■ **Assignment**: Return, with both end lines included, exactly what the data below holds from the line with "in Sydney.(AP) Rain" through the line with "frustrated woman with", though not the pictures.

(Entries taken from a collection)
- - - - - - -

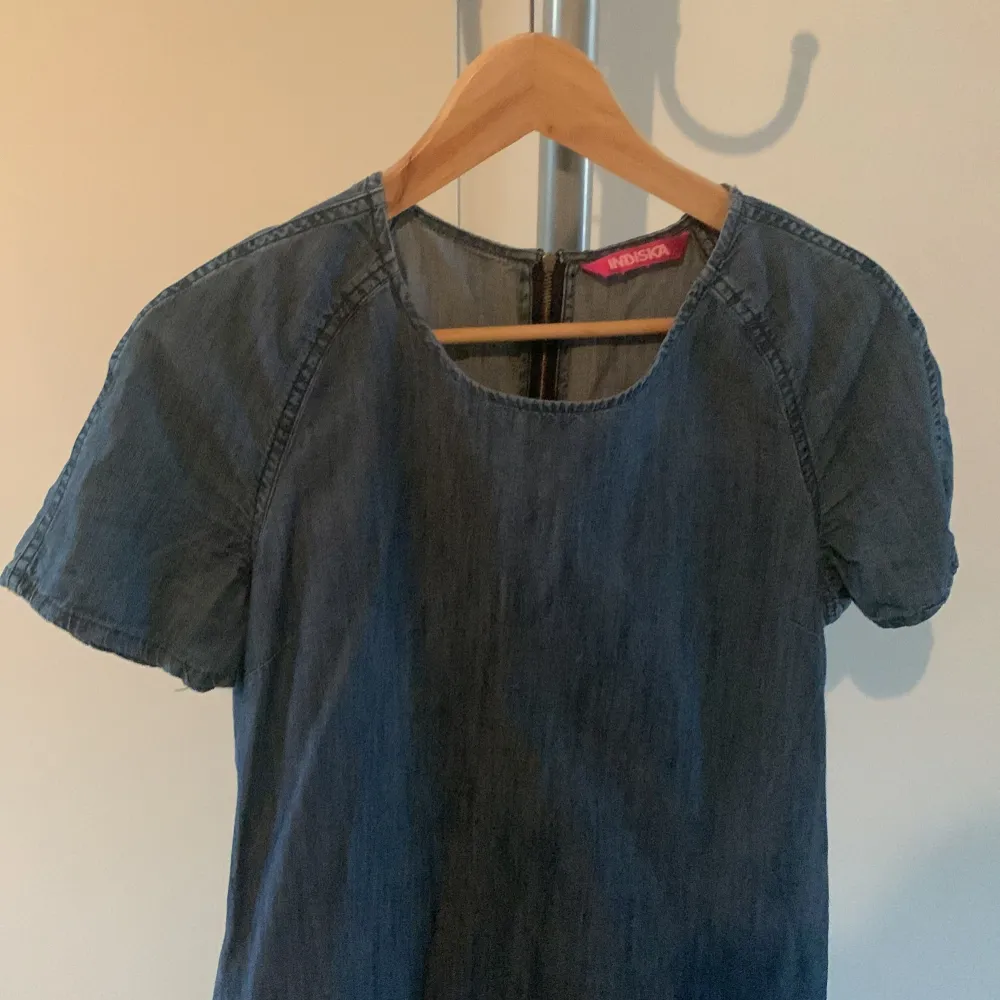 Säljer en stilren blå jeansklänning från Indiska. Klänningen har korta ärmar och en rund halsringning. Perfekt för en avslappnad look. Den är gjord i ett mjukt denimtyg som ger en skön känsla.. Mekot.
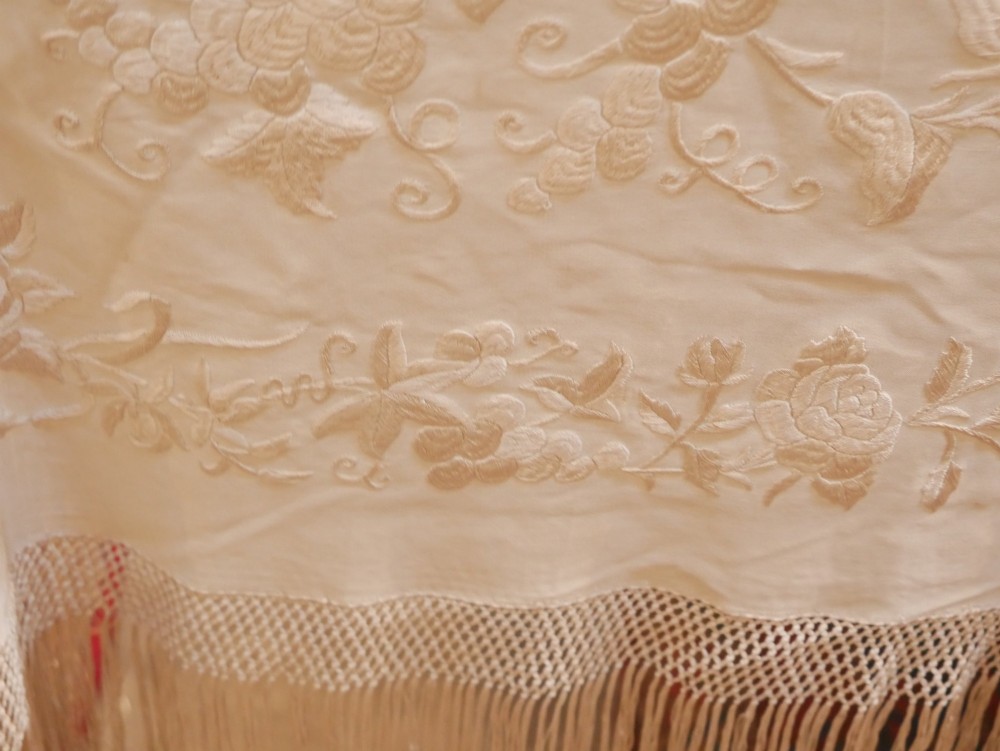A cream-coloured silk piano shawl featuring tonal floral hand embroidery and deep knotted fringe edge. View VIII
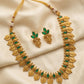 Gold necklace with green stones and matching earrings on a beige fabric background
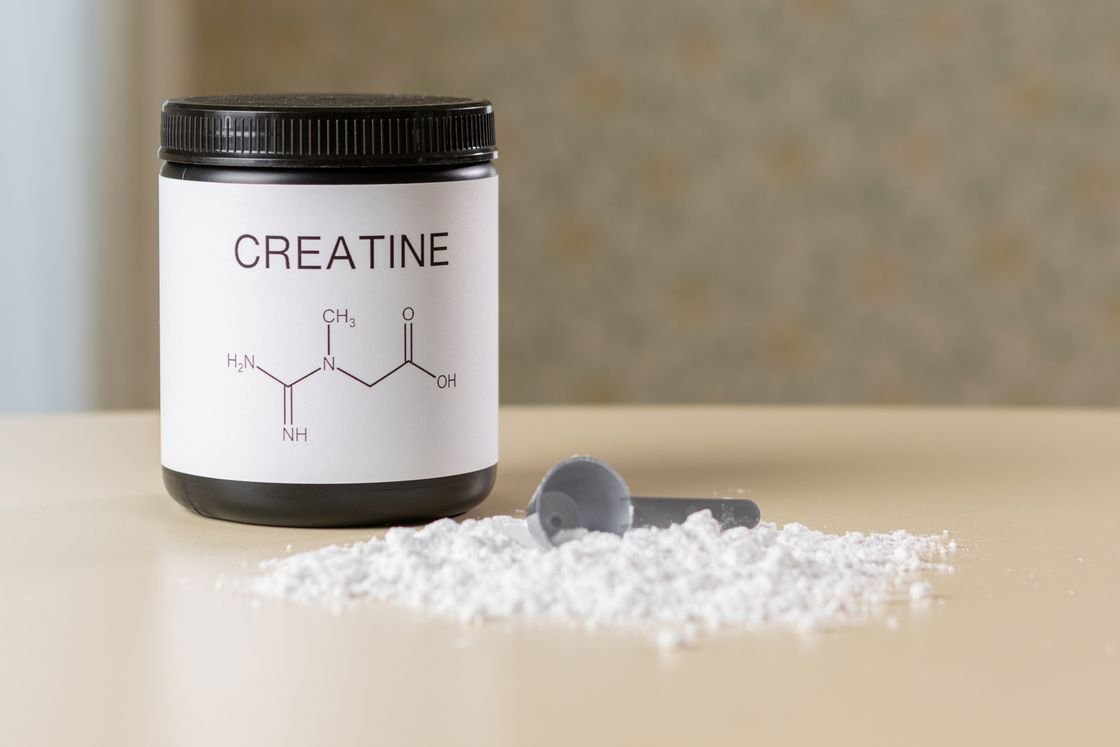 Creatine bottle with a scooper and white powder on the table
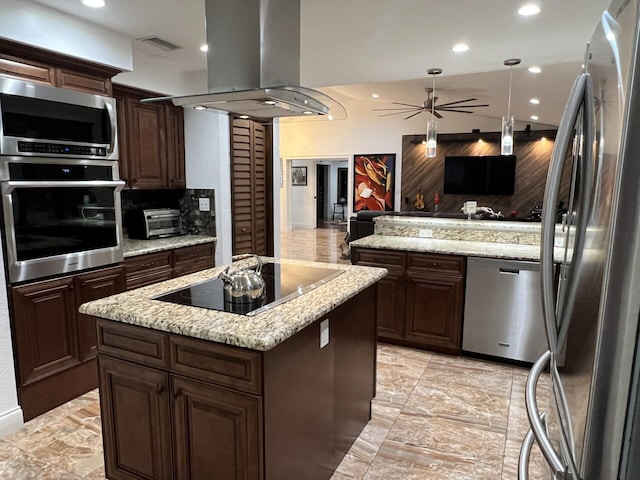 kitchen featuring appliances with stainless steel finishes, island range hood, a kitchen island, open floor plan, and ceiling fan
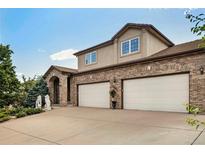 Elegant brick home featuring a two-car garage, well-maintained landscaping, and classic architectural details at 2595 S Harlan Ct, Lakewood, CO 80227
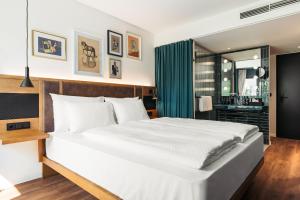 a bedroom with a large white bed and a bathroom at Hotel Schani Uno City in Vienna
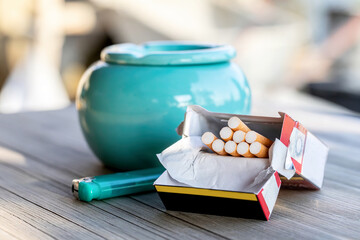 Close-up of cigarettes and a lighter on a wooden table outdoors
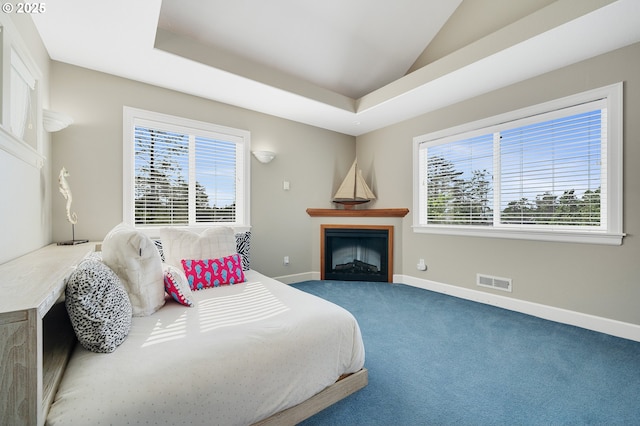 17460 Old Pacific Hwy, Rockaway Beach, OR 97136 - bedroom featuring baseboards, carpet, and a fireplace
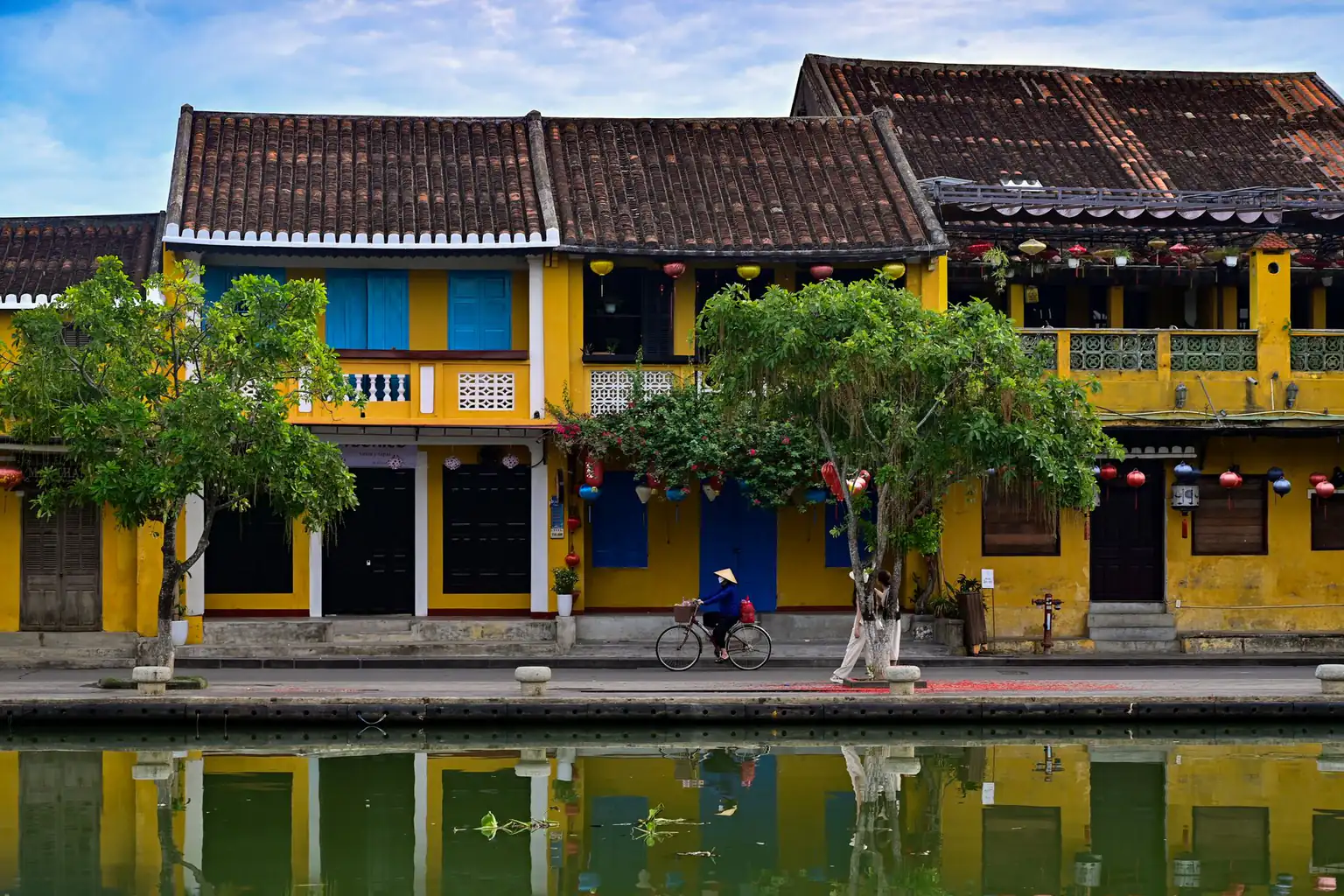 Yellow old-town houses reflected in a canal in Hoi An with a cyclist in the distance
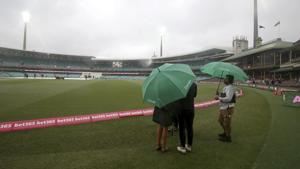 Rain falls before play on day 4 of the cricket test match between India and Australia in Sydney.(AP) Rain falls before play on day 4 of the cricket test match between India and Australia in Sydney.(AP)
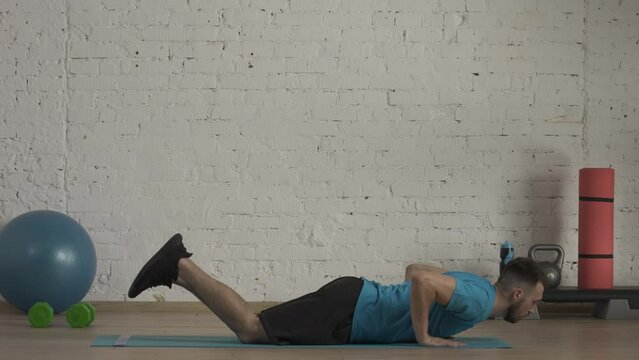 Closeup shot. Man fitness coach in sportswear doing knee push ups exercise for online class at the home studio. HDR BT2020 HLG Material.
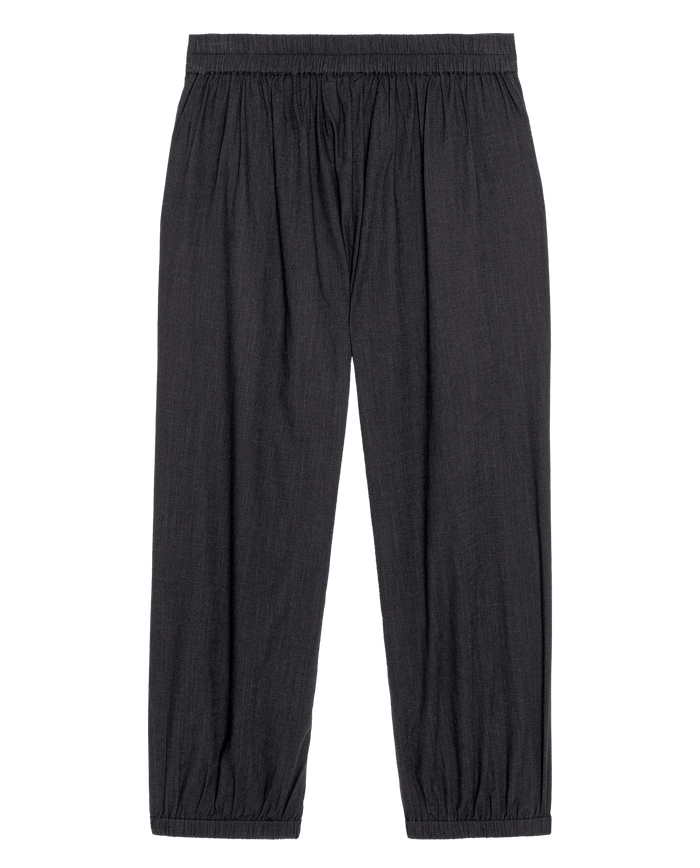 THE GREAT. SU26 The Elastic Blouson Pant in black features a loose fit, elastic waistband, and cuffed hems, shown flat on a white background.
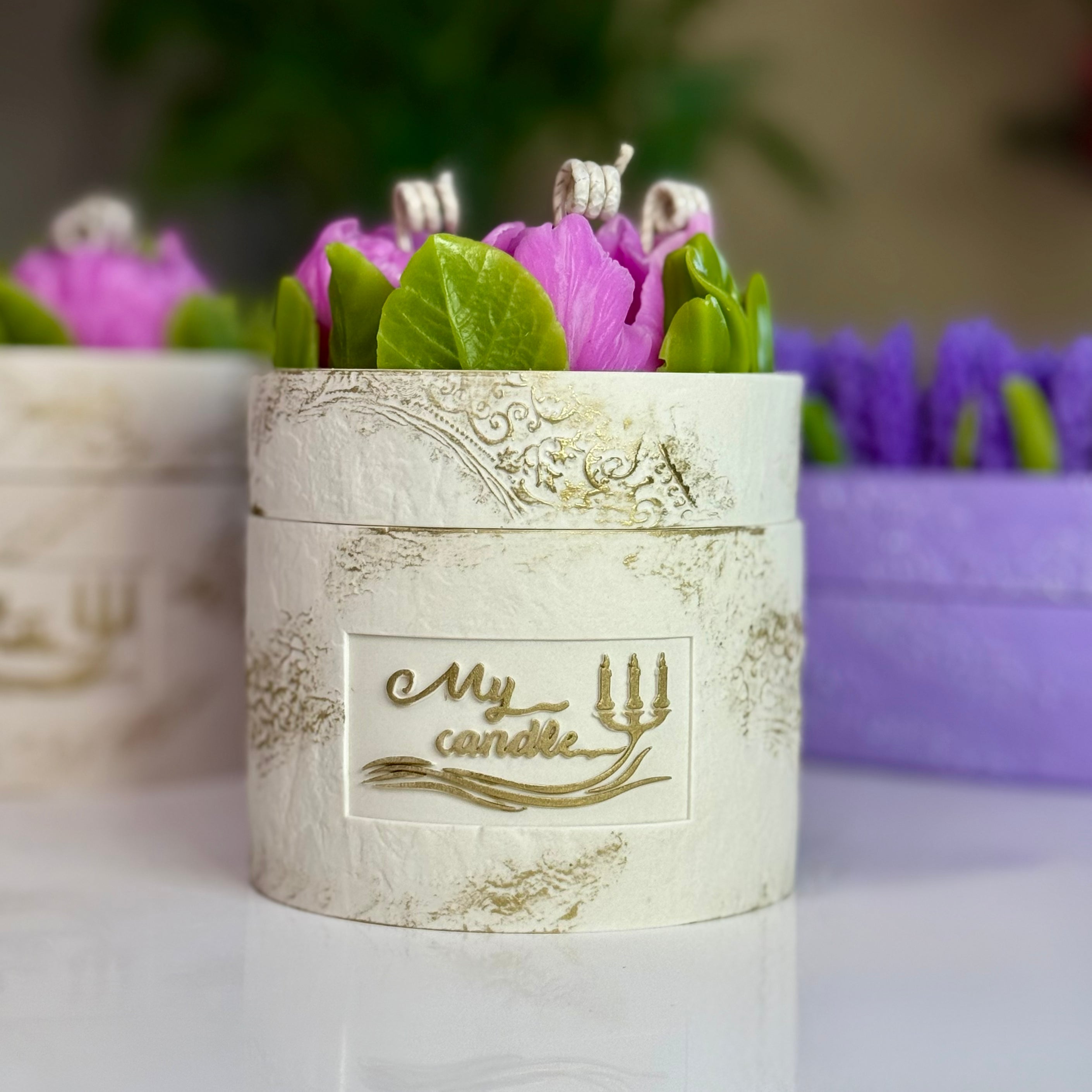Premium centrepiece floral candle paired with a vibrant pink peony flower, accentuating the luxury hand-painted gold relief on the vessel with gift box.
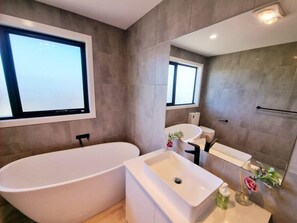 Bathtub, hair dryer, towels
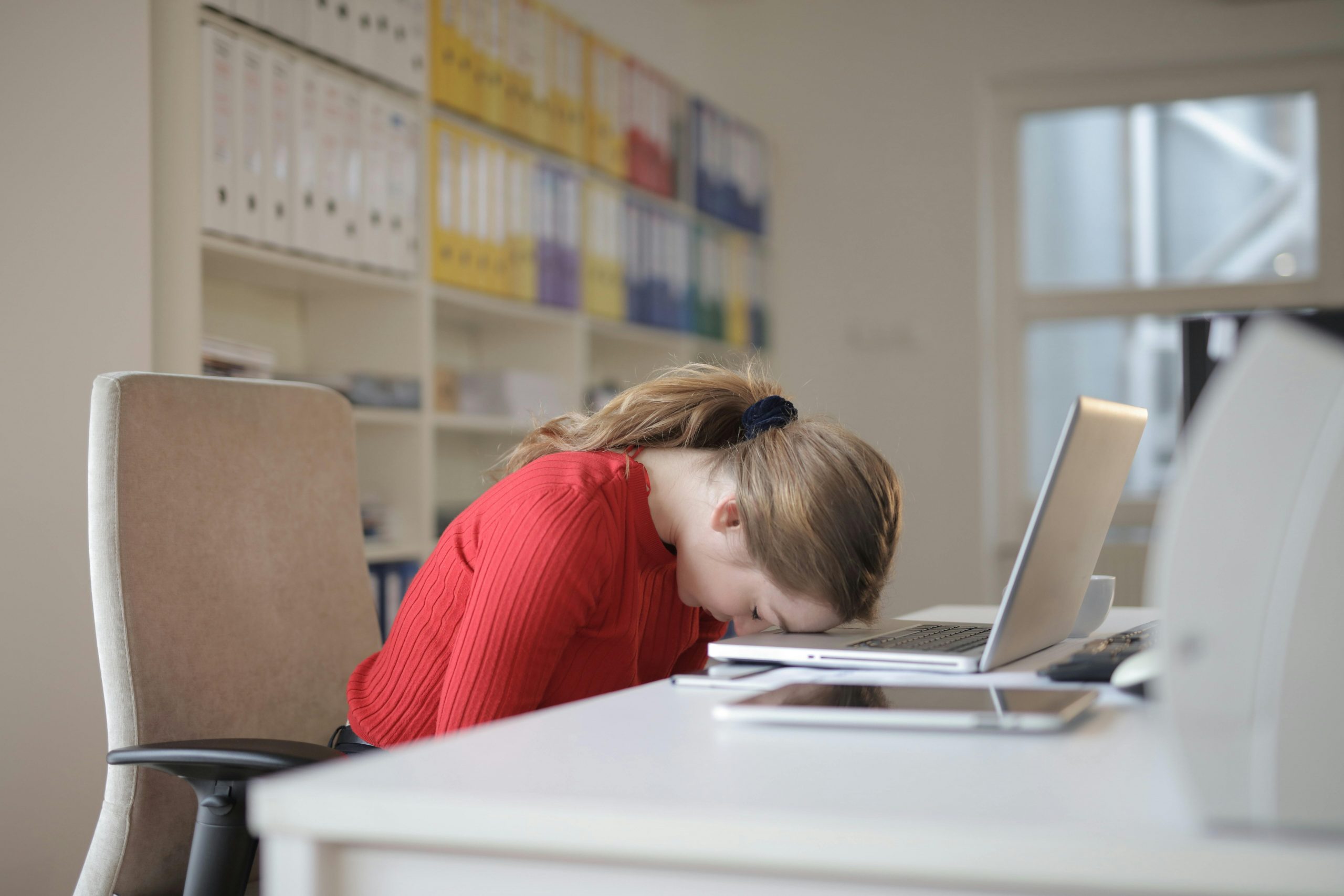 frustrated woman with her head on her laptop, sitting at a desk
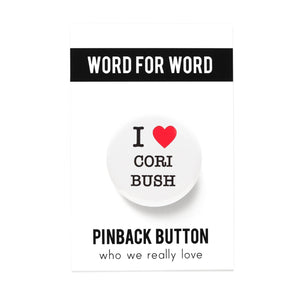 Round white pinback button on a white background that says I LOVE CORI BUSH. Love is depicted by a red heart. The other text is black.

- - - - - - -

■ **Task result**:
 Rain falls before play on day 4 of the cricket test match between India and Australia in Sydney.(AP) Rain falls before play on day 4 of the cricket test match between India and Australia in Sydney.(AP)
 Closeup shot. Man fitness coach in sportswear doing knee push ups exercise for online class at the home studio. HDR BT2020 HLG Material.
 THE GREAT. SU26 The Elastic Blouson Pant in black features a loose fit, elastic waistband, and cuffed hems, shown flat on a white background.
Premium centrepiece floral candle paired with a vibrant pink peony flower, accentuating the luxury hand-painted gold relief on the vessel with gift box.
 Bathtub, hair dryer, towels
 frustrated woman with her head on her laptop, sitting at a desk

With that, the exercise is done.